A few years ago, I watched the movie Groundhog Day. In it, the lead character played by Bill Murray was stuck in a time warp and subjected to repeating one day of his life over and over until he learned some basic lessons. Over the past years, we've been living our own High-Tech Groundhog Day. But what are the lessons we must learn?
The first lesson: Don't get carried away in the good times and don't give up on the future in bad times; the market will come back.
The second lesson: Just as lightning never strikes in the same place twice, the next boom never comes in the same place as the last. Where will the next boom be? Like most, I don't know for sure, but there is one thing that I am sure of. During the downturn, the most important thing we must do is to place our bets on the next upturn.
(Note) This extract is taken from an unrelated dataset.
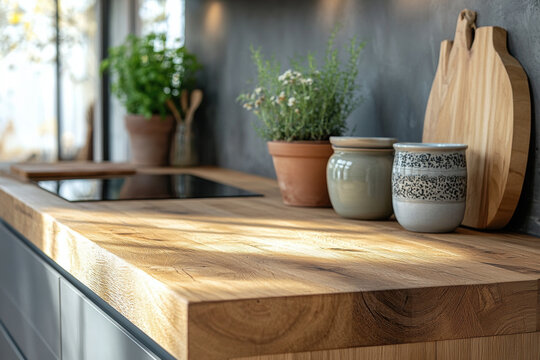 Wooden cutting board on kitchen counter amid scattered vegetables, knife, and cooking utensils. - Powered by Adobe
The last and most obvious lesson: Don't run out of cash. The best investments and most important decisions are made during downturns. But you have to survive the downturn to make those decisions count.
So, what's the right bet for the next upturn? For two decades, the holy grail of the PLD business has been speed, cost and density-build a faster, cheaper, bigger FPGA and the world would beat a path to your door. Today, we find that, for most common, commercial applications, most PLD manufacturers offer products that are big enough and fast enough to do the job. As a result, we've seen the emergence of a new set of criteria for choosing a PLD. While price remains a significant criterion, four new requirements have emerged: power, security, reliability and footprint. Increasingly, customers are demanding cost-effective FPGAs that offer greater security, lower power consumption, reduced board space and protection against firm errors.
To that end, we are seeing the resurgence of the $5 FPGA. For most of the last 30 years, semiconductor manufacturers have made a business selling products in the $5 to $10 region. Aided by the telecom hysteria of the late '90s, PLD vendors were exempted from this rule and were able to cash in selling many products with prices in the several-hundred-dollar region. Those days seem to be on the decline. This economy is forcing designers to look for solutions with ever-lower prices. At the same time, increasing ASIC tooling costs and time-to-market pressures force the choice of a programmable solution. The result? The emergence of the $5 FPGA as a mainstream market.
As an industry, we need to learn from history or we'll be stuck reliving these dog days. Here are the lessons as I see them: don't give up on the future, don't run out of cash and lightning never strikes in the same place twice. The next bolt? In my view, the $5 FPGA.